The FBI has attributed the recent attack on Dubai-based Bybit crypto exchange to North Korean hackers. The agency has called on crypto firms to help block the stolen funds. According to Bybit CEO Ben Zhou, a hacker gained control of one of the exchange’s offline Ethereum wallets, resulting in a loss of nearly $1.5 billion (roughly Rs. 13,006 crore). Following the attack earlier this month, Arkham Intelligence reported that the stolen assets are already being transferred to new addresses for liquidation.
In an announcement posted on February 26, the FBI agency said that North Korean hackers are using the ‘TraderTraitor’ activity to convert the stolen funds into other crypto tokens and distribute them across ‘thousands of wallets’. The FBI expects that the stolen assets are likely to be laundered further.
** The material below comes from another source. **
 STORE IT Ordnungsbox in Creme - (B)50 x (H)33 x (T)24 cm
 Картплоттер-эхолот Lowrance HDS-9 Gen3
As part of the post, the FBI has released a list of 51 Ethereum wallet addresses that have been identified among those holding portions of the stolen assets. These addresses are known to be linked to North Korean TraderTraitor actors.
“FBI encourages private sector entities including RPC node operators, exchanges, bridges, blockchain analytics firms, DeFi services, and other virtual asset service providers to block transactions with or derived from addresses TraderTraitor actors are using to launder the stolen assets,” the post said.
The recent Bybit attack is reportedly the biggest crypto hack so far.
As per Zhao, “The signing message was to change the smart contract logic of our ETH cold wallet. This resulted (in the) hacker taking control of the specific ETH cold wallet we signed and transferred all ETH in the cold wallet to this unidentified address.”
Bybit ETH multisig cold wallet just made a transfer to our warm wallet about 1 hr ago. It appears that this specific transaction was musked, all the signers saw the musked UI which showed the correct address and the URL was from @safe . However the signing message was to change…
— Ben Zhou (@benbybit) February 21, 2025
In its internal forensic probe, the exchange found that malicious code was inserted into its system for hackers to gain access to the wallet and facilitate the attack. The exchange also said that there was no indication of compromises identified within the exchange’s internal systems.
A detailed assessment of the incident is still underway.
A Chainalysis report released in December revealed that crypto hacks led to $2.2 billion (roughly Rs. 18,710 crore) in stolen funds in 2024—a 21 percent increase from 2023.
In response, crypto firms like Tron, Tether, TRM Labs, and Chainalysis are joining forces in anti-crime alliances to assist law enforcement in tracking stolen assets and blocking suspicious transactions.